Now I’ve got myself a soap clock. Back in January, 2008, I bought a 16- pack of soap at Costco. After bringing it home, I was inspired to write a post called “How many more bars of soap will I buy before I die?”
As of today, the last bar of soap from that pack is almost gone. My house has several bathrooms, and I tend to use one of them, almost exclusively, and that’s were that pack of soap was located. Therefore, I can attribute most of the soap use to me. Therefore, I used 16 bars of soap in about 42 months, meaning I use a bar of soap every 2.6 months or, conversely, I use .38 bars of soap per month.
Now, going to the life expectancy tables, I see that I will likely live till age 93, but that seems awfully generous. This clock says I’ll only live until Thursday, February 7, 2030 (19 more years). And here is a detailed calculator that takes into account many factors, and it tells me I’ll live until 83, which means I’ll live 28 more years. 28 years = 336 months. Sounds like a good average.

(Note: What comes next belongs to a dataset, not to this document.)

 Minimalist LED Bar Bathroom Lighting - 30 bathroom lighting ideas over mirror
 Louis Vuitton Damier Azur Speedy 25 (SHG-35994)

All I needed to do was translate years into bars of soap, and that is accomplished with simple multiplication: 336 month x .38 bars/month = 127 bars of soap. If I keep buying big 16-bar value packs, I’m only going to buy 8 more packs of soap before I die. This makes soap a precious commodity, indeed. On the other hand, anything you regularly use (pens, eggs, birthday cakes) can serve as a clock.
In case you think I’m obsessed with death, you’re probably right--this is one of the sites that fascinate me.